*** Entries supplied Section Begins ***
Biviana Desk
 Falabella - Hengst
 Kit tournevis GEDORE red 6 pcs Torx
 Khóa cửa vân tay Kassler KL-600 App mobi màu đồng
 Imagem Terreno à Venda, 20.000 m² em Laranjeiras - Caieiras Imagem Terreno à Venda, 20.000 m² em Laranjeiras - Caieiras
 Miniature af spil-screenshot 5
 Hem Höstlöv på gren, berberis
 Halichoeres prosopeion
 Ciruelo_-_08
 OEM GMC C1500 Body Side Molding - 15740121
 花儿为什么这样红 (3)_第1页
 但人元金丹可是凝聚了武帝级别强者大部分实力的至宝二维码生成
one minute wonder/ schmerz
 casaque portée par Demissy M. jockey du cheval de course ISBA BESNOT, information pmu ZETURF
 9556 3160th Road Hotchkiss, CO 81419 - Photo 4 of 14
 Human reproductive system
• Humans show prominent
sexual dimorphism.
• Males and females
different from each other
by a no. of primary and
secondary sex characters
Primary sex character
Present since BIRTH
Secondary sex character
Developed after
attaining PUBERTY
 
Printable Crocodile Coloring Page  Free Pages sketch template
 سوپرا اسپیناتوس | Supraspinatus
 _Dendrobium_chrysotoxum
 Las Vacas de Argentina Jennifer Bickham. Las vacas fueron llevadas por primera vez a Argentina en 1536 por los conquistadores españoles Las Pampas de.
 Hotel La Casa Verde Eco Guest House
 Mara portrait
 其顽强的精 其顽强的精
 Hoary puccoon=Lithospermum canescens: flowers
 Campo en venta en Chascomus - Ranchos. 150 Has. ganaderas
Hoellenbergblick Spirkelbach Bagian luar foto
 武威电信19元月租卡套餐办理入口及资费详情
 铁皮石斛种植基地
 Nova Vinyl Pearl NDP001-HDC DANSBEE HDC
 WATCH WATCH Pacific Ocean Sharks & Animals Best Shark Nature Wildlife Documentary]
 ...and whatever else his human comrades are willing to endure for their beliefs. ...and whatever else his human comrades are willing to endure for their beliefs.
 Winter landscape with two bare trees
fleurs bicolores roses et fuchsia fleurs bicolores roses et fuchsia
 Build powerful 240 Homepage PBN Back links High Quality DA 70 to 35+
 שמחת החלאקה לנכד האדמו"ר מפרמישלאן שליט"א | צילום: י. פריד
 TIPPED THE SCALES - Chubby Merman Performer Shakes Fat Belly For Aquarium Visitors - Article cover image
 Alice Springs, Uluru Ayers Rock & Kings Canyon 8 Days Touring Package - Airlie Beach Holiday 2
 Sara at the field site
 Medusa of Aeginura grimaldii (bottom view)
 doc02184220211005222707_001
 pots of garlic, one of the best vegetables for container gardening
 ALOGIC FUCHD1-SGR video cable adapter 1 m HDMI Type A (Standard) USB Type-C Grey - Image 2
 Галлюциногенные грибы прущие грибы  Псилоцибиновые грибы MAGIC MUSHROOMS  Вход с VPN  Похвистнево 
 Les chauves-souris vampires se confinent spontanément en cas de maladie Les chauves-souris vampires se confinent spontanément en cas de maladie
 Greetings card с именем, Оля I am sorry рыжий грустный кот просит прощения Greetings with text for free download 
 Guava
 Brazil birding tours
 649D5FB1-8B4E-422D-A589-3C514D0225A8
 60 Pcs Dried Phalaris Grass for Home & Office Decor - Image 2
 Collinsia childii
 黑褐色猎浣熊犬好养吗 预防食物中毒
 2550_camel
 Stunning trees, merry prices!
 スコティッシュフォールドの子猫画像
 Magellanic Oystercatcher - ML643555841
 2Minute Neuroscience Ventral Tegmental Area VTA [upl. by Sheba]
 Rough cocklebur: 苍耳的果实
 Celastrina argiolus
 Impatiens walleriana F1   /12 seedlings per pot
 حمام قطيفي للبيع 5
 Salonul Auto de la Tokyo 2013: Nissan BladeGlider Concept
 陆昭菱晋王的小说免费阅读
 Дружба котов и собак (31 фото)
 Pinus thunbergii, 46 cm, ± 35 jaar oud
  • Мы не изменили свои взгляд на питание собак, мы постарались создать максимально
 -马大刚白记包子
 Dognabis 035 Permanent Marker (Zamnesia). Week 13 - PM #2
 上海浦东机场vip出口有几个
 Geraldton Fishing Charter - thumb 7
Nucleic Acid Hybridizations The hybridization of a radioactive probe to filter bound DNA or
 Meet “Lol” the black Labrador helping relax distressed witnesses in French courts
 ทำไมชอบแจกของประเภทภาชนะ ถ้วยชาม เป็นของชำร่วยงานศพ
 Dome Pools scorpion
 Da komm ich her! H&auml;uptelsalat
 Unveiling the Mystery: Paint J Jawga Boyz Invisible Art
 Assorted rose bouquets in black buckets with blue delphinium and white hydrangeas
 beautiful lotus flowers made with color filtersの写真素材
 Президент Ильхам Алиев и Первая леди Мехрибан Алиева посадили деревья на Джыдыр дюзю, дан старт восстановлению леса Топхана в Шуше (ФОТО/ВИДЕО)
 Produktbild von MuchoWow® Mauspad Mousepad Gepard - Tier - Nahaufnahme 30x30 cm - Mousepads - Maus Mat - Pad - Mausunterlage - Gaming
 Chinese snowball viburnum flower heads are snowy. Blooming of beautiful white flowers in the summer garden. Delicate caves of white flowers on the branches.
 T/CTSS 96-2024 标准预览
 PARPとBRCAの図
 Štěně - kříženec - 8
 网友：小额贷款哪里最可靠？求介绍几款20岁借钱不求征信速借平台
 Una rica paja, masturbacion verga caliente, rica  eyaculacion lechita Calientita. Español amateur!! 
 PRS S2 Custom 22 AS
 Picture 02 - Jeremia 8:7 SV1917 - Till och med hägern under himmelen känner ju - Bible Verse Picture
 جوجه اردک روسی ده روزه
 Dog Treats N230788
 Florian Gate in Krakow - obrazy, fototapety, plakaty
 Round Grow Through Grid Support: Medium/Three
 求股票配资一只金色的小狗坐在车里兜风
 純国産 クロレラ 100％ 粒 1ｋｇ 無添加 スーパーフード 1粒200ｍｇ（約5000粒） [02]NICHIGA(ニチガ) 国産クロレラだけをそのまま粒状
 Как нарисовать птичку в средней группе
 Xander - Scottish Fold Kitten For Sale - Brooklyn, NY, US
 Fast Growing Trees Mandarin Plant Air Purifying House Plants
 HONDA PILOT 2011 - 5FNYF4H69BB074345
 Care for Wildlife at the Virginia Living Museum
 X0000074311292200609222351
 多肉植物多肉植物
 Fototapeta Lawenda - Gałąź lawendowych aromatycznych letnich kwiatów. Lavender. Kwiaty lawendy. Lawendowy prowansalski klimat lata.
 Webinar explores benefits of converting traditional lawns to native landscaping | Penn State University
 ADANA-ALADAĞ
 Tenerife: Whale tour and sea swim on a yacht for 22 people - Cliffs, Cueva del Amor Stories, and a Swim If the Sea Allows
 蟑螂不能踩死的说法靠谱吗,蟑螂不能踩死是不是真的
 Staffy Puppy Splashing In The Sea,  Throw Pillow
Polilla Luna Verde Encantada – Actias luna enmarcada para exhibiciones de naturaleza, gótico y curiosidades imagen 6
*** Entries supplied Section Ends ***
* Task item *
Please write out, exactly as they appear above, only the lines in the stretch from the line with "casaque portée par" through the line with "Medusa of Aeginura grimaldii (bottom view)".

* Task output *
 casaque portée par Demissy M. jockey du cheval de course ISBA BESNOT, information pmu ZETURF
 9556 3160th Road Hotchkiss, CO 81419 - Photo 4 of 14
 Human reproductive system
• Humans show prominent
sexual dimorphism.
• Males and females
different from each other
by a no. of primary and
secondary sex characters
Primary sex character
Present since BIRTH
Secondary sex character
Developed after
attaining PUBERTY
 
Printable Crocodile Coloring Page  Free Pages sketch template
 سوپرا اسپیناتوس | Supraspinatus
 _Dendrobium_chrysotoxum
 Las Vacas de Argentina Jennifer Bickham. Las vacas fueron llevadas por primera vez a Argentina en 1536 por los conquistadores españoles Las Pampas de.
 Hotel La Casa Verde Eco Guest House
 Mara portrait
 其顽强的精 其顽强的精
 Hoary puccoon=Lithospermum canescens: flowers
 Campo en venta en Chascomus - Ranchos. 150 Has. ganaderas
Hoellenbergblick Spirkelbach Bagian luar foto
 武威电信19元月租卡套餐办理入口及资费详情
 铁皮石斛种植基地
 Nova Vinyl Pearl NDP001-HDC DANSBEE HDC
 WATCH WATCH Pacific Ocean Sharks & Animals Best Shark Nature Wildlife Documentary]
 ...and whatever else his human comrades are willing to endure for their beliefs. ...and whatever else his human comrades are willing to endure for their beliefs.
 Winter landscape with two bare trees
fleurs bicolores roses et fuchsia fleurs bicolores roses et fuchsia
 Build powerful 240 Homepage PBN Back links High Quality DA 70 to 35+
 שמחת החלאקה לנכד האדמו"ר מפרמישלאן שליט"א | צילום: י. פריד
 TIPPED THE SCALES - Chubby Merman Performer Shakes Fat Belly For Aquarium Visitors - Article cover image
 Alice Springs, Uluru Ayers Rock & Kings Canyon 8 Days Touring Package - Airlie Beach Holiday 2
 Sara at the field site
 Medusa of Aeginura grimaldii (bottom view)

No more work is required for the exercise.